4. Scottish And British Attitudes To Public And Welfare Spending
4.1. Another relevant area of attitudinal research relates to views on taxation and government spending in general and spending specifically on welfare benefits in particular. Support for high levels of taxation and spending can be interpreted as support for redistribution from the better off to the worst off in society, while welfare spending in general is targeted at those most in need.
4.2. The BSA and SSA include a question about desired taxation and public spending levels, where respondents can choose from the following options:
- reducing taxes and spending less on health, education etc.;
- keeping taxes and spending on these services at the same level; or
- increasing taxes and spending more on health, education, etc.
4.3. In Scotland in 2014, a large minority thought that taxes and spending should be increased.
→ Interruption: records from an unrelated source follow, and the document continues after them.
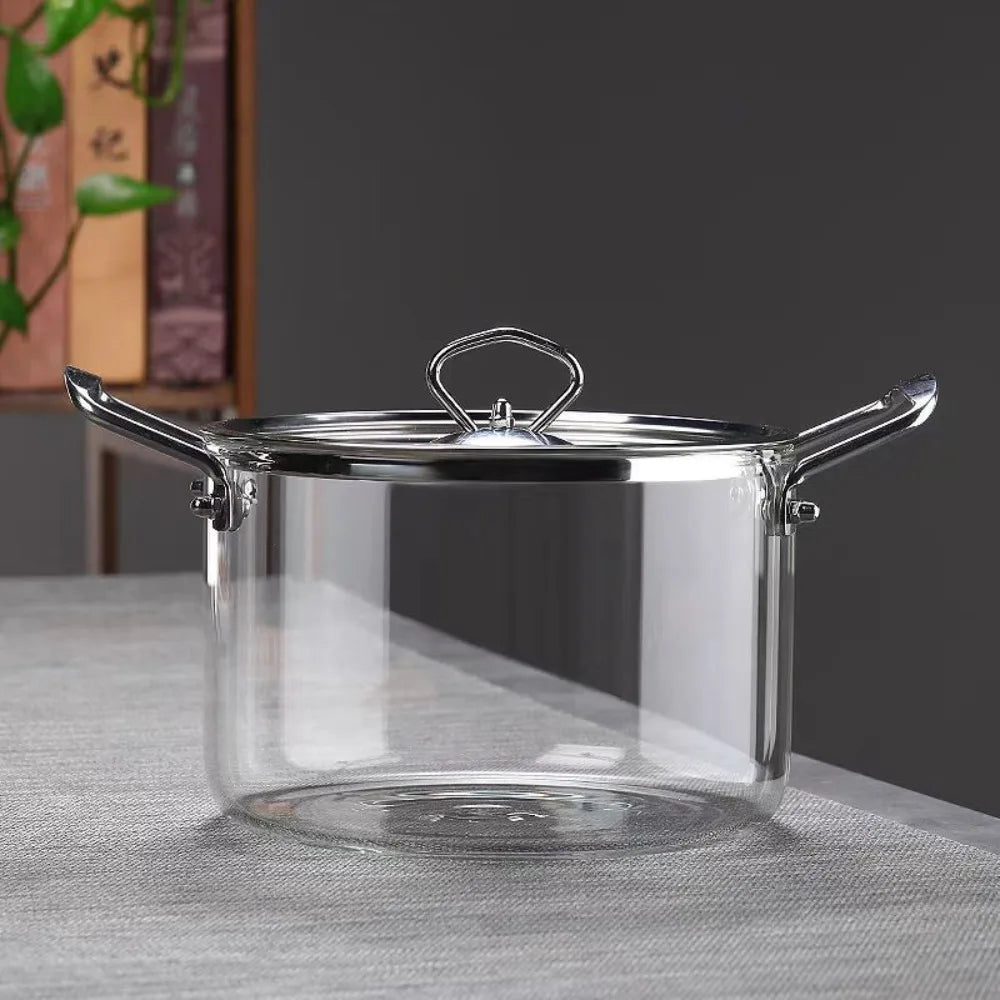Moderne Hoch-Borosilikat-Glaspfanne Minimalistische transparente Glaspfanne mit Doppelgriff und Deckel Suppentopf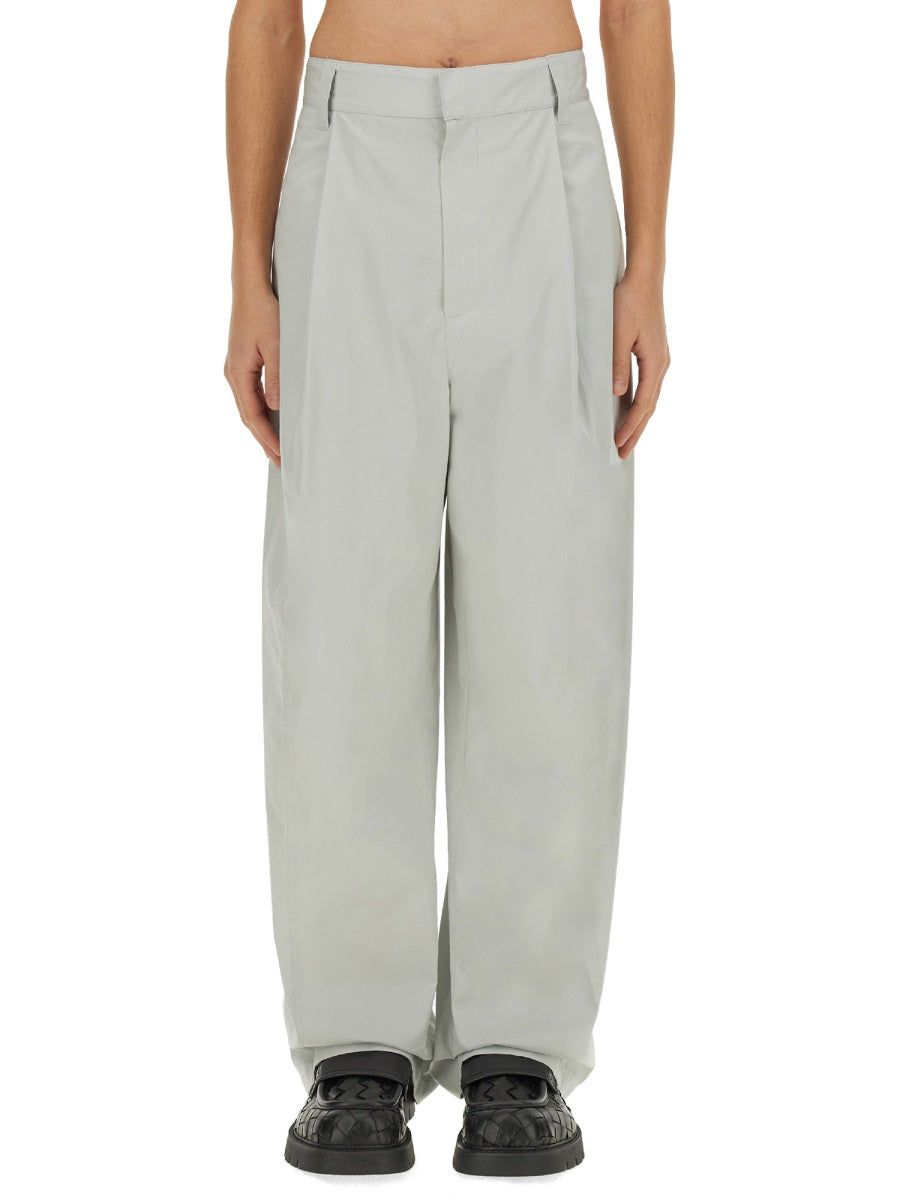 Tailored Silk and Cotton Blend Pants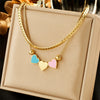 Wholesale Fashion Creative Stylish Double Layer Stacked Colorful Love Pendant Twist Chain Stainless Steel Necklace With Heart Shape And Electroplating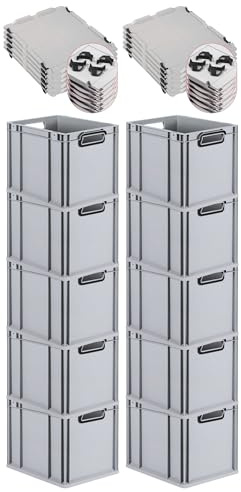 PROREGAL SparSet 10x Eurobox NextGen Color mit Auflagedeckel und Schiebeschnappverschlüsse, HxBxT 32x30x40cm, 30L, Grau, Griffe schwarz offen, Eurobehälter, Transportbox, Transportbehälter
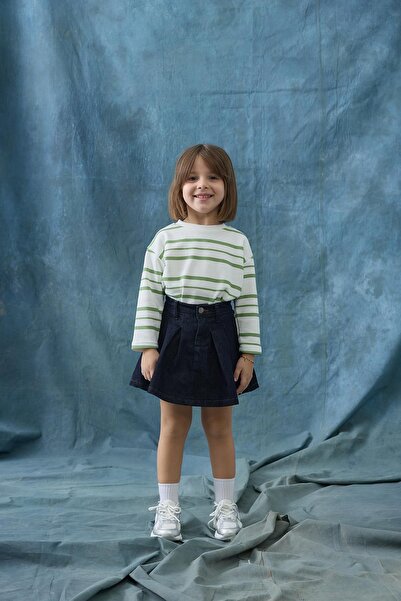 Tics Denim Pleated Skirt - Dark Blue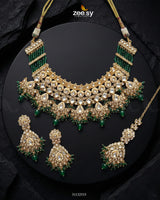 Anarkali Faux Pearl Bridal Set Golden Green - Zeesy Jewellery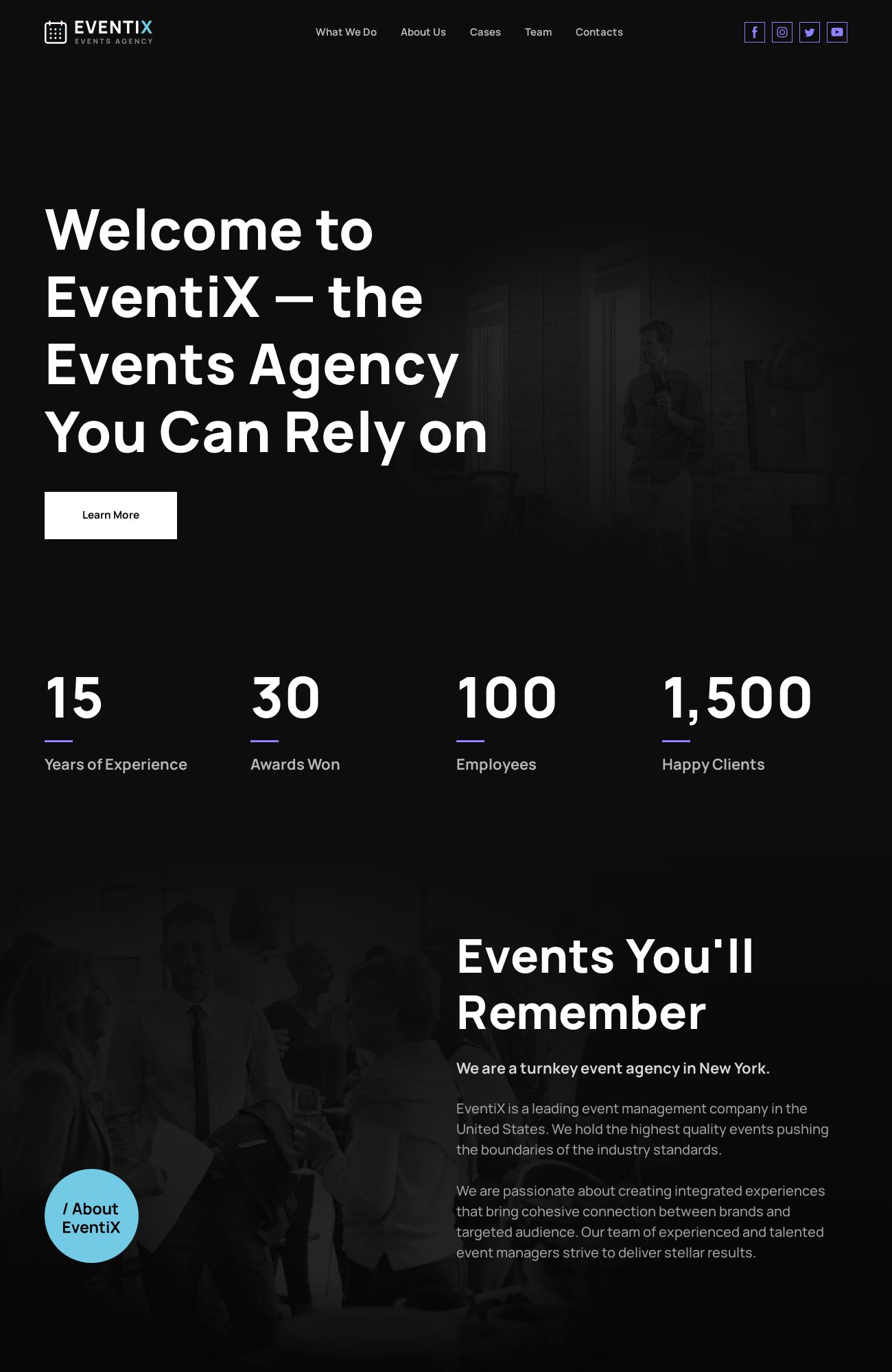 Events Agency template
Almost half of people in Scotland (48%) thought that taxes and public spending should be kept at the same level, while 44% thought they should be increased. Only 4% thought that taxes and spending should be decreased.
4.4. For comparison, in the equivalent BSA question in 2013, respondents were slightly less generous: 54% were in favour of keeping taxing and spending at the same level, 36% wanted to increase it, and 6% wanted to reduce it.
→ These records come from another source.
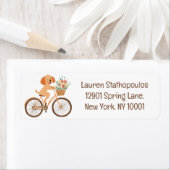 かわいいゴルデンドルドッグサイクリング春の花 ラベル (インサイチュ)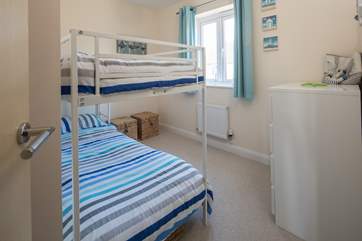 Bedroom 3 has bunk-beds. The top bunk is only recommended for children under the age of 14.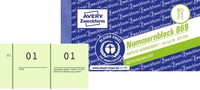 Avery Zweckform Nummernblock 1 - 1000, 105 X 53 Mm, GrüN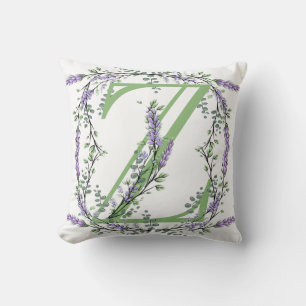 Cojín Decorativo Letra del alfabeto Z Lavanda Eucalipto acuarela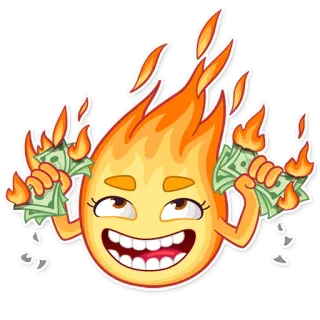 🔥 Feuer, Geld, Emoji, Cash, Flammen, Reich telegram sticker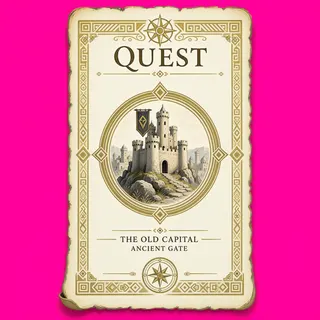 quest scroll, ornate design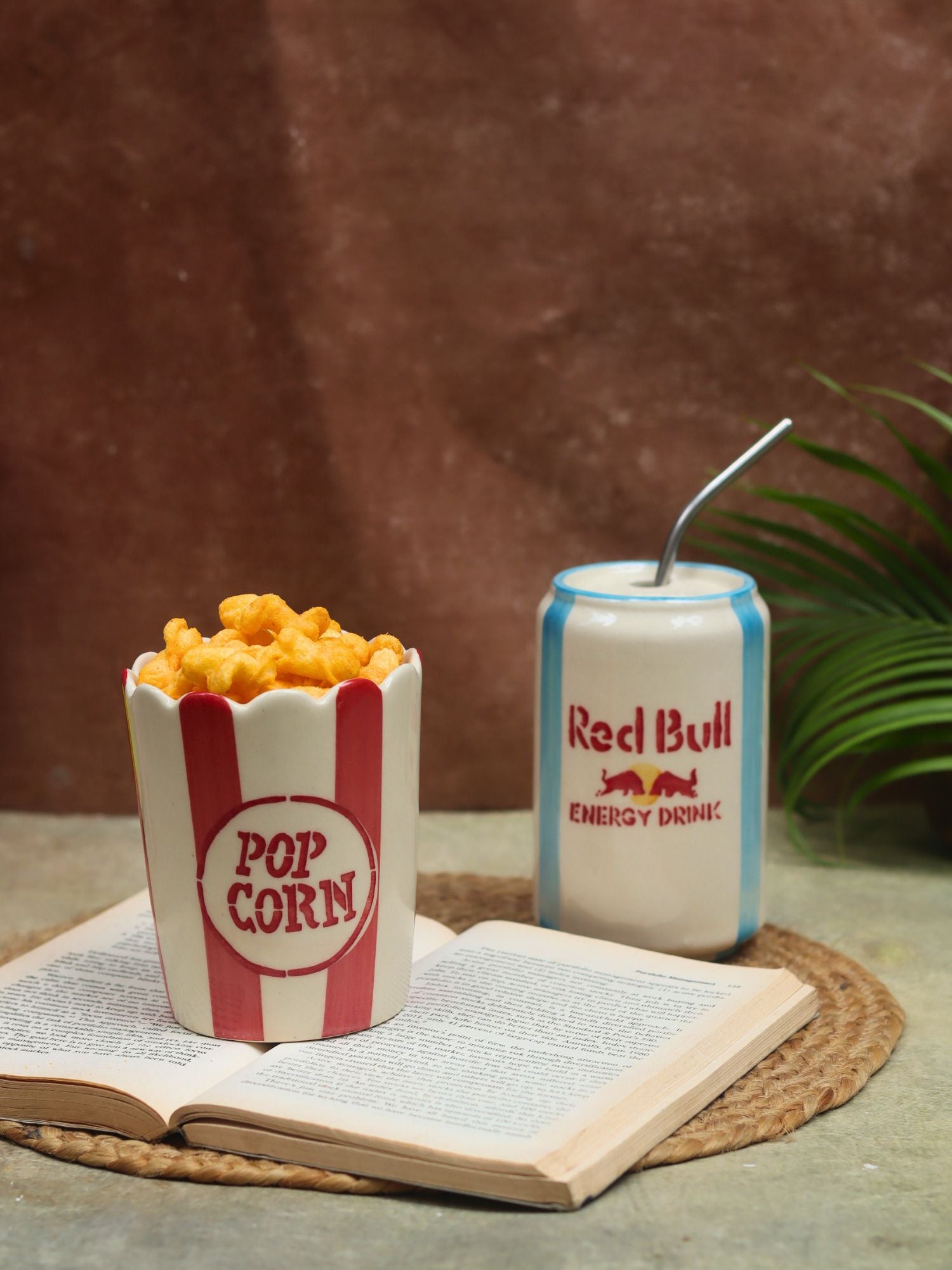 Set of 2 - Red Bull Tumbler & Popcorn Tub Combo handmade in india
4.5. The majority of people in Scotland were opposed to any budget cuts as part of UK welfare reforms, or felt that cuts were too deep or were happening too soon. The Scotpulse survey asked respondents to select one from a number of statements about the welfare reforms introduced by the UK government.
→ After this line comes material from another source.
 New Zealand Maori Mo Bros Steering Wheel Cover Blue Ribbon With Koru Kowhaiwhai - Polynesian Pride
4.6. As Figure 5 shows, the most popular response (40%) was that 'we should not be reducing money available to the poorest in society'. However, this is still a minority response.
4.7. A slightly smaller percentage indicated support for the cuts, either because 'we spend too much on welfare (16%), or because 'they are necessary as we need to reduce the budget deficit' (11%). Twenty five per cent thought 'the cuts were necessary but were too deep and too soon'.
Source: Scotpulse survey
4.8. British support for extra spending on welfare benefits declined between the late 1980s and 2011, but in 2012 and 2013 showed a slight increase. The BSA includes another, slightly different question asking if the government should spend more money on welfare benefits for the poor even if it leads to higher taxes. In 2013, 36% agreed with this proposition, whilst 32% disagreed and 30% neither agreed nor disagreed. Over the last two decades, support for more spending on welfare benefits declined up until 2011, and then increased, with an increase of 8 percentage points in the 2013 figure compared to 2011, as can be seen in Figure 6 below.
Source: British Social Attitudes Survey
4.9. Figures from 2013 indicated that there was still a strong feeling of there being more deserving and less deserving claimants. In Scotland, the SSA in 2013 asked if the government should spend more or less on benefits for unemployed people, disabled people who can't work and retired people.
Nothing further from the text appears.